Je les ai écrites à partir d’un premier montage, puis nous les avons tournées et insérées. La séquence d’ouverture avec ce petit garçon qui casse le crayon qu’il a désigné comme étant l’enfant m’a offert l’idée du personnage de ces nuits, un enfant qui porte sa blessure en lui, celle qui fait aussi sa singularité. Il chemine dans ce centre, transformant lui aussi ses désirs, à l’instar des patients qui y consultent.
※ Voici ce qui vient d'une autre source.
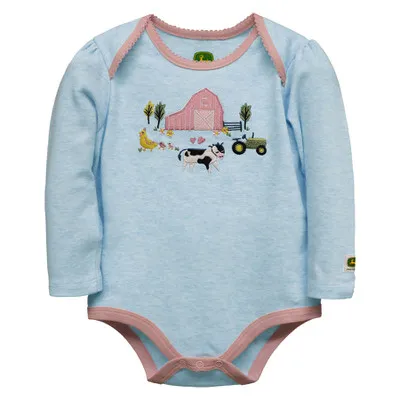 John Deere Kid's Grey Barnyard Sky Heather Onesy Bodyshirt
Comment avez-vous réalisé ces séquences ?
J’ai pris un plaisir fou à réaliser ces animations de façon tout à fait artisanale, tout en revisitant le cinéma de genre. Ce sont vraiment des jouets que j’ai animés avec des trucages à l’ancienne, comme la surimpression. À la Méliès
en quelque sorte… J’ai choisi la magie, le merveilleux, le fantastique qui tient beaucoup à l’utilisation de la lumière. Comme je ne suis ni animatrice, ni cheffe opératrice, j’ai appelé un chef opérateur dont j’aime le travail pour avoir des
conseils. Il m’a dit une phrase qui ne m’a jamais quittée : «Éclairer, ce n’est pas rajouter de la lumière, c’est en enlever». C’était tellement en lien avec ce film, s’intéresser aux ombres pour aller vers la lumière, la révélation par la
lumière !

 » Ce film est une véritable réussite. […] Authentique, vif, chaleureux, il nous conduit jusqu’aux rivages des rythmes et des couleurs originaires, exigeant de ses spectateurs la nécessité d’être là. Nous voyageons dans les salles d’attente, les bureaux des soignants, au milieu des solitudes et des colloques, des réunions de travail des psy aussi, nous sommes là, dans le partage et l’empathie.  » 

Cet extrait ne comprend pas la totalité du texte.